So the issue raised by @yihui is definitely something we need to think about.

aethior commented 7 years ago

I'm not developer, but I want to share my opinion as user and webmaster. Why not copy the Wordpress (the most used cms) slug method?

Wordpress uses latin letters in lowercase, without symbols or marks, and you have the possibility to use characters from other alphabets. I also think interesting the possibility to short URL without post title (option in admin panel).

In any case, I want to show my negative opinion to method similar to Wikipedia. I'm spanish and my language uses a lot symbols and marks, and the Wikipedia URLs are annoying when you want to share Wikipedia links.

I think the url method should be simple, and complex transliteration added by extension (Wordpress has differents plugins for that).

sijad commented 7 years ago

neither transliterator_transliterate nor Slugify is suitable for Persian language.

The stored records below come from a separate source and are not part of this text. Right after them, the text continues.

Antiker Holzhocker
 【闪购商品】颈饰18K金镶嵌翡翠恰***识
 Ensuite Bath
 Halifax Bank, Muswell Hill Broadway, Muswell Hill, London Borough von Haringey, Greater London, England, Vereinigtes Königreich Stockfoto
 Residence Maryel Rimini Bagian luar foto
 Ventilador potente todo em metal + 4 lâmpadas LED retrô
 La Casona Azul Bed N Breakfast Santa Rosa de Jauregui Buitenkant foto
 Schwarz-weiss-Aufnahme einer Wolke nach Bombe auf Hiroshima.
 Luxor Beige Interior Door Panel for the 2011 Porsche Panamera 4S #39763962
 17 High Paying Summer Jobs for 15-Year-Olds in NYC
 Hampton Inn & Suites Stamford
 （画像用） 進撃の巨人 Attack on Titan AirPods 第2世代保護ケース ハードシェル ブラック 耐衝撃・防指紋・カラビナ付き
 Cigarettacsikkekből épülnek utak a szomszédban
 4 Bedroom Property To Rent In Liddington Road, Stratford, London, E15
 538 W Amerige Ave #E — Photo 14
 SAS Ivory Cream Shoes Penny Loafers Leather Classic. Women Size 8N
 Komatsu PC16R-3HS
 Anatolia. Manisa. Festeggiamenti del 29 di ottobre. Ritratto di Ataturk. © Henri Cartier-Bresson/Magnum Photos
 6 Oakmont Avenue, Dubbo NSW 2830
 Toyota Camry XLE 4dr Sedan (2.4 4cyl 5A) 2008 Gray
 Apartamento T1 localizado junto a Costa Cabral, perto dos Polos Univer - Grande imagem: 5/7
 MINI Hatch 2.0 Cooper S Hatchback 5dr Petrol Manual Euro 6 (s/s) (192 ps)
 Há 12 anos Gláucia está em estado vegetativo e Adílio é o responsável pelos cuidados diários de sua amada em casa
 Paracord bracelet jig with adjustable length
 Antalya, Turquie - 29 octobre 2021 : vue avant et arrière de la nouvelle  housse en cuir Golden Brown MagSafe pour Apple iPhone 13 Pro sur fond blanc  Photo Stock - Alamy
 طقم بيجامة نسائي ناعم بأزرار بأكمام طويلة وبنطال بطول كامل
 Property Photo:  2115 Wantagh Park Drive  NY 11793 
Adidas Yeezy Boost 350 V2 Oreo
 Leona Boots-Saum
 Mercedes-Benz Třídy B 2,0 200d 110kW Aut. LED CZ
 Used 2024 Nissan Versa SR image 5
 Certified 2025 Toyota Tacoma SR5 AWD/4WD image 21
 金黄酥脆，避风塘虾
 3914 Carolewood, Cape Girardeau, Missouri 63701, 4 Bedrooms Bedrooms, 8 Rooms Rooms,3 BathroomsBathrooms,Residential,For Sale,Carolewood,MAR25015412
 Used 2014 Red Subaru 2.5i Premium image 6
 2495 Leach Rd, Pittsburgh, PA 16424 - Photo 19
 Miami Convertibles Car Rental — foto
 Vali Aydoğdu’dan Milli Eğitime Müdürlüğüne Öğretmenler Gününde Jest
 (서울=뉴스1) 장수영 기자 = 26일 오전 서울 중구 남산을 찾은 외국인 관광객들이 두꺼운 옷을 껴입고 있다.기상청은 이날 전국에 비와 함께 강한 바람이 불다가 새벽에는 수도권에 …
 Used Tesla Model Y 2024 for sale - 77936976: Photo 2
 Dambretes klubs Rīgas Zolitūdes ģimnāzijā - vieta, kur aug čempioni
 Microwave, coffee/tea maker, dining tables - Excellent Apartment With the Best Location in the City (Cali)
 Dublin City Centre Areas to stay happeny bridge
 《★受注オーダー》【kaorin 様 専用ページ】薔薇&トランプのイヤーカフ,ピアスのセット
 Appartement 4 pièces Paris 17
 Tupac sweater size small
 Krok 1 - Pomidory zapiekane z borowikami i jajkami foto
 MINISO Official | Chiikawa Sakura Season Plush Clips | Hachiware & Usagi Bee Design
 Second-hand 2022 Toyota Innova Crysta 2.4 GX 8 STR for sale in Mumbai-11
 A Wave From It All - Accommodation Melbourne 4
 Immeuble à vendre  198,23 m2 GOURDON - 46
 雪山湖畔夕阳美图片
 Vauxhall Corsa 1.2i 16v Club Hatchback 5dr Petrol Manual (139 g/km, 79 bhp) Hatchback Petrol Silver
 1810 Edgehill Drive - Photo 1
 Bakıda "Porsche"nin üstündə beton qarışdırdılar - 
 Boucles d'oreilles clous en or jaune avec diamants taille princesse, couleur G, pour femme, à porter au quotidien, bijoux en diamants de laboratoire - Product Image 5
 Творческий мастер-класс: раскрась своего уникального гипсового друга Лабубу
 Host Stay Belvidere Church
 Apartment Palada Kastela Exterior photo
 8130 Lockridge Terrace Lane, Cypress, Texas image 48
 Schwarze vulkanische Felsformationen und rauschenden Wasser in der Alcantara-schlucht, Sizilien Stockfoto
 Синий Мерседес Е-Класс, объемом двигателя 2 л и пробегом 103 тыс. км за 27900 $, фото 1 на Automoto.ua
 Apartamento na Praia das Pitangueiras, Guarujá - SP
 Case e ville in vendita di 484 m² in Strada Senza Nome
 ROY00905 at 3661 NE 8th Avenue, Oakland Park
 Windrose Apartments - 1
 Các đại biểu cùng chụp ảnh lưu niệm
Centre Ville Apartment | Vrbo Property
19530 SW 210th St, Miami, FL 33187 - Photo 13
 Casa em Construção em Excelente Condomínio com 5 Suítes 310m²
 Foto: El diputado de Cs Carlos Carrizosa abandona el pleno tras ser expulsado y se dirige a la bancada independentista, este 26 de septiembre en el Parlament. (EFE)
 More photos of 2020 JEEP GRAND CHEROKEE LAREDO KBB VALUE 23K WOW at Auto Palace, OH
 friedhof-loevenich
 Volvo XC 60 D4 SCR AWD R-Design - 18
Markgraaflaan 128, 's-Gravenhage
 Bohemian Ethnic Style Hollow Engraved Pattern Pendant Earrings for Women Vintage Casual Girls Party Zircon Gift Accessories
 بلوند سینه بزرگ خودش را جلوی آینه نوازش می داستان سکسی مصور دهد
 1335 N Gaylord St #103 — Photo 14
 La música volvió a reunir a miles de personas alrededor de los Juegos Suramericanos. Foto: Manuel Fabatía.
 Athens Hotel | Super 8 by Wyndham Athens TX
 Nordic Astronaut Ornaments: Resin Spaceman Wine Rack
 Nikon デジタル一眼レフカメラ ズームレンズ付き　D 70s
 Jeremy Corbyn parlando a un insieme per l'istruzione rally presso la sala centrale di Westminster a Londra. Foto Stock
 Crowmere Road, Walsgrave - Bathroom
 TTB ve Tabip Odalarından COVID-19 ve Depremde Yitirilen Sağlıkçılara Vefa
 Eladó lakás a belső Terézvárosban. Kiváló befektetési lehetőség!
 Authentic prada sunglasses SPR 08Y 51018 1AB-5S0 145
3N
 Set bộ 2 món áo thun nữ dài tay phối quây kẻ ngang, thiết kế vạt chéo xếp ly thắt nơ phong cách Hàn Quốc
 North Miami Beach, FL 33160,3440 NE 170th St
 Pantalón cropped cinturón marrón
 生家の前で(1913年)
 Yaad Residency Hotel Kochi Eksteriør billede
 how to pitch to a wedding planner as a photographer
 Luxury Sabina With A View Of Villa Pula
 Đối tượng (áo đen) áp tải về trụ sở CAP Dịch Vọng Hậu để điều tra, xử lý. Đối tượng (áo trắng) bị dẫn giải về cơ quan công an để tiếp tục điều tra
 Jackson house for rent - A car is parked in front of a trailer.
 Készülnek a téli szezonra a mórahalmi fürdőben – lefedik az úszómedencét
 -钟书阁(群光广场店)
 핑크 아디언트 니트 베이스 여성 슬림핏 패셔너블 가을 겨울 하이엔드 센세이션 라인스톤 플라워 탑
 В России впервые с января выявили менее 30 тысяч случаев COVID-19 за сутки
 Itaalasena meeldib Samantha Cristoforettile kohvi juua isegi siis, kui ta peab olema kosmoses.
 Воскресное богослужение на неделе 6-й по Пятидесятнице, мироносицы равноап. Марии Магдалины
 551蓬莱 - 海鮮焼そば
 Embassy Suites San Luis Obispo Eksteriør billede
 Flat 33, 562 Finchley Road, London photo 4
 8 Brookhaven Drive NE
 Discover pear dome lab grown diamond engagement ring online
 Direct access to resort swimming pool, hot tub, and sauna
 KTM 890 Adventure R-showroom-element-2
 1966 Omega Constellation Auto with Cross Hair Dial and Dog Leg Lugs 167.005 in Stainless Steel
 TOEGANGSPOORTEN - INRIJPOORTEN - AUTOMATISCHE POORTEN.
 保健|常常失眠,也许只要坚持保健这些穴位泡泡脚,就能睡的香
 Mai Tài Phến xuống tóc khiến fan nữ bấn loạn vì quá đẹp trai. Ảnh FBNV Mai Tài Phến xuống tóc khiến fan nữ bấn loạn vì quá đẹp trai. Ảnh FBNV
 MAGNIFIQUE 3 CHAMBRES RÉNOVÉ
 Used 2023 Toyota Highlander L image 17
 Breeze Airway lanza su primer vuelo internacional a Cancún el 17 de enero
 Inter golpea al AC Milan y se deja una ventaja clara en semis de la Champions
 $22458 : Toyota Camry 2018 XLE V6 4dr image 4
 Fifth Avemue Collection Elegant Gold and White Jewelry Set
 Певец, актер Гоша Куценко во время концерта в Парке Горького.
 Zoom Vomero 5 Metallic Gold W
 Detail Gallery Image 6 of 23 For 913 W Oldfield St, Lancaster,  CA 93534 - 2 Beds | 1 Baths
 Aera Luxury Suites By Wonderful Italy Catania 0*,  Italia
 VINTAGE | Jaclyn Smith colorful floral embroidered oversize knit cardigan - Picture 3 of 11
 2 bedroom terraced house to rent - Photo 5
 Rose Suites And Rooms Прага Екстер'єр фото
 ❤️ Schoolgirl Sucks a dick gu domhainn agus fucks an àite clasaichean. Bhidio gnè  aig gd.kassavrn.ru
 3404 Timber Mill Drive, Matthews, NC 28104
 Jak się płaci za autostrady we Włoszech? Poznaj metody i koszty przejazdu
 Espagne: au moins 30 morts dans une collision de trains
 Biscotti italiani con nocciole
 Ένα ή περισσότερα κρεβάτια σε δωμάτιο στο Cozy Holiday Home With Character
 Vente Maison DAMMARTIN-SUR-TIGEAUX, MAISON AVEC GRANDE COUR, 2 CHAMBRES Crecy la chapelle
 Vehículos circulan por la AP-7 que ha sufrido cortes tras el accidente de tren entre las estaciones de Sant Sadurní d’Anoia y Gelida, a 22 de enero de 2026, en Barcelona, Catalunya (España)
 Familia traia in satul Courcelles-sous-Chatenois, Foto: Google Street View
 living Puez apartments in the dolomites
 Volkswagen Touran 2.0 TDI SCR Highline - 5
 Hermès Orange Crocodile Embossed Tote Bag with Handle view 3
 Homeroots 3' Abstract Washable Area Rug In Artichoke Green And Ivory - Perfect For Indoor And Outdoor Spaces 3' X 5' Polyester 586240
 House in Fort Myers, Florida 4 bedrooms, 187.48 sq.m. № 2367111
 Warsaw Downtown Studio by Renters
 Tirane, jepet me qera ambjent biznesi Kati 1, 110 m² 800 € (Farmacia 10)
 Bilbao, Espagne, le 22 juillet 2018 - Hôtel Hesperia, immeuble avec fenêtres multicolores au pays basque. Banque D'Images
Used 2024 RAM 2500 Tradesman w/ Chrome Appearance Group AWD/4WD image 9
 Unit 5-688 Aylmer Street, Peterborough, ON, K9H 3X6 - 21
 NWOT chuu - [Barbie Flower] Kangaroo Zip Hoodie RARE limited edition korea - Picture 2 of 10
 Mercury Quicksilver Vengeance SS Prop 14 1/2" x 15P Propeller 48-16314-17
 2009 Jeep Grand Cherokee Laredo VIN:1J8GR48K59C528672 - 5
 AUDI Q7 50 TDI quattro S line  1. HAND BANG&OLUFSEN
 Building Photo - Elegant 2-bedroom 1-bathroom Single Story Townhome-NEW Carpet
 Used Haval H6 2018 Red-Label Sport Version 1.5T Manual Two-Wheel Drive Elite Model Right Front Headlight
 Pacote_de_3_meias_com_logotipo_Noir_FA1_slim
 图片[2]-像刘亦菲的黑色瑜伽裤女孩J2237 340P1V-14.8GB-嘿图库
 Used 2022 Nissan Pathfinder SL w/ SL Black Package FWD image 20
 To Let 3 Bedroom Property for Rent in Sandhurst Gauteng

believer-ufa commented 7 years ago

@sijad, if we talking about slugify, you can easily add you own rules for your language.

thecotne commented 7 years ago

what if we use github issue like urls? (id only no slug no transliteration) and then some plugins may change urls ....

aethior commented 7 years ago

what if we use github issue like urls? (id only no slug no transliteration) and then some plugins may change urls ....

Those urls are not seo and human friendly. Your suggestion was discussed here: https://github.com/flarum/core/issues/1140#issuecomment-284613976

firegurafiku commented 7 years ago

@believer-ufa

if we talking about slugify, you can easily add you own rules for your language.

How about easy adding support for Chinese or Japanese? Languages are hard and nobody should rely on automatic romanization. Instead, there should be options to disable slugs at all, or set them manually.

sijad commented 7 years ago

@believer-ufa in Persian people usually does not use diacritics in texts, so Slugify is not an option, for Persian language (and Arabic?) using unicode plus a few filters (remove diacritics, non-alphanumerics, spaces, etc) is best option.